The advantages of using a builder are:

  • You can do everything in code.

At the moment I can’t think of how to provide individual errors in the builder case. [edit] I’ll try to make the library compatible with the Log crate which will hopefully solve this issue.

Anyway, I’ll start with the .rt file API since that’s easiest and will help me split into a library and executable; then I’ll try to figure out the builder API.

0 Likes

#6

There other advantage of the builder API is that it more easily integrates with existing integration tests and CI infrastructure that uses cargo test.

0 Likes

#7

I’ve now got an API that uses a .rt filename and split into a library and an executable. This wasn’t too difficult because it was mostly changing and moving code rather than new stuff (and apart from changes to use statements etc., cargo + good error messages made it straightforward).

Next I’ll try to switch from println! to using the log crate (and outputting to stdout in the executable so its behavior is unchanged). Then I’ll try providing a builder API so that everything can be done in pure rust. This may take a bit of time, but I accept your point about integration so will try.

0 Likes

#8

I’ve now published 1.2.0 which provides retest as a library and as an executable.

The library has two APIs: one reads plain text retest plan files (.rt), and the other provides two builders, PlanBuilder and TestBuilder (a plan has one or more tests).

0 Likes

#9

After a quick look at the API I have a few suggestions.

Firstly, it would be nice to have a function that would combine the features of retest and generate, using an environment variable to decide when to generate. Any user of the API would have to do something similar in any case. This could just be a change to the retest method to do generate instead if a particular environment variable is defined.

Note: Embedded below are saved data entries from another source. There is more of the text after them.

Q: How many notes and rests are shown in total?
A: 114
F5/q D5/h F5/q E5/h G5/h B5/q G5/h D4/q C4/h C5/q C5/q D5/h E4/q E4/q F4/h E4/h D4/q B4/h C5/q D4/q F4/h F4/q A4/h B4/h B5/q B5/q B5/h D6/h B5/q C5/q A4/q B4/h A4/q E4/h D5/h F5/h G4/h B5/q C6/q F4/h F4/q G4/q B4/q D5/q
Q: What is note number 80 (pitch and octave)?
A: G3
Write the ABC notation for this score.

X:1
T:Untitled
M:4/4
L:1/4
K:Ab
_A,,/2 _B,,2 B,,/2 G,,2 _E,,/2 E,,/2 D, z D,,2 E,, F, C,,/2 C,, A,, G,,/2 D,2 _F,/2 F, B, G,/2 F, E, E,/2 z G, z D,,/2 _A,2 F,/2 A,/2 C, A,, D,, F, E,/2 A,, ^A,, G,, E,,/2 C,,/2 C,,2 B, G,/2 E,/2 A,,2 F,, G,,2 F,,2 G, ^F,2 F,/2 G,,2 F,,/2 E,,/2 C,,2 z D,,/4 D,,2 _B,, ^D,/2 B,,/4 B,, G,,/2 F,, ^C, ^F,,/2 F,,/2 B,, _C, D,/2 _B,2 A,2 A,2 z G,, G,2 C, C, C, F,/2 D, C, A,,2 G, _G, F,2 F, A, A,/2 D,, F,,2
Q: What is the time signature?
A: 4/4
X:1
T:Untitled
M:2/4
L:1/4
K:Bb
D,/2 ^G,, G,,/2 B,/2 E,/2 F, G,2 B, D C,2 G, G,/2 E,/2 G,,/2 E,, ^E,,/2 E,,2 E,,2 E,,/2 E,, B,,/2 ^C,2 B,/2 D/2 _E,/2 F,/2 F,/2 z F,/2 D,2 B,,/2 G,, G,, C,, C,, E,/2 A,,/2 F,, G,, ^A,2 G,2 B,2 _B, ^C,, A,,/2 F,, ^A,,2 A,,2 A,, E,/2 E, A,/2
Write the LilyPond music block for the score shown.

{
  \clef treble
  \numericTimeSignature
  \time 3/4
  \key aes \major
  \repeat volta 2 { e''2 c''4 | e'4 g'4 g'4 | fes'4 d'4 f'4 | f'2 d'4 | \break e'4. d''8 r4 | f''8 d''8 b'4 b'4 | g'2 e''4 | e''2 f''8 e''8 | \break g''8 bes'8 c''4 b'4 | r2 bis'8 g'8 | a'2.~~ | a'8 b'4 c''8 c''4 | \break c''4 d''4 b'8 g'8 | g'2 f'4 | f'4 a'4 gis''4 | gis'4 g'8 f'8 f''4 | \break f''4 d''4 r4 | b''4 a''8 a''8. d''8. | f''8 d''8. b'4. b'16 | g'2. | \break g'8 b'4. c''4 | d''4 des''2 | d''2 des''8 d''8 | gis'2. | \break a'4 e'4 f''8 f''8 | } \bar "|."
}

I would rename TestBuilder to Test and remove its build method. Similarly, I’d cut the distinction between PlanBuilder and Plan. I’d think of Command as a model (which is clearly is in your API), which does not have a separate builder. Fewer types makes the API easier to learn.

For the pure rust API, I’d prefer for the generated executables to be in the path when running tests, so I could easily test both release and debug builds. The stdout method I’d prefer to take a path within the $STDOUT directory rather than expecting a string beginning with a dollar sign as is implied by the docs.

It would also be lovely to have a GitHub repository linked to on crates.io where we could file issues.

0 Likes

#10

I appreciate you taking the time to do this.

Do you have something in mind like this?

impl Plan {
    pub fn apply(&self) -> Result<Counts> {
        if environ("RETEST_GENERATE") exists & is "1" {  // psuedo-code
            self.generate()
        } else {
            self.retest()
        }
    }
}

Would you also want to be able to specify the expected and actual paths using environment variables? (Note to me: If so, these would need to be read in generate and retest so they’d work in those and for apply.)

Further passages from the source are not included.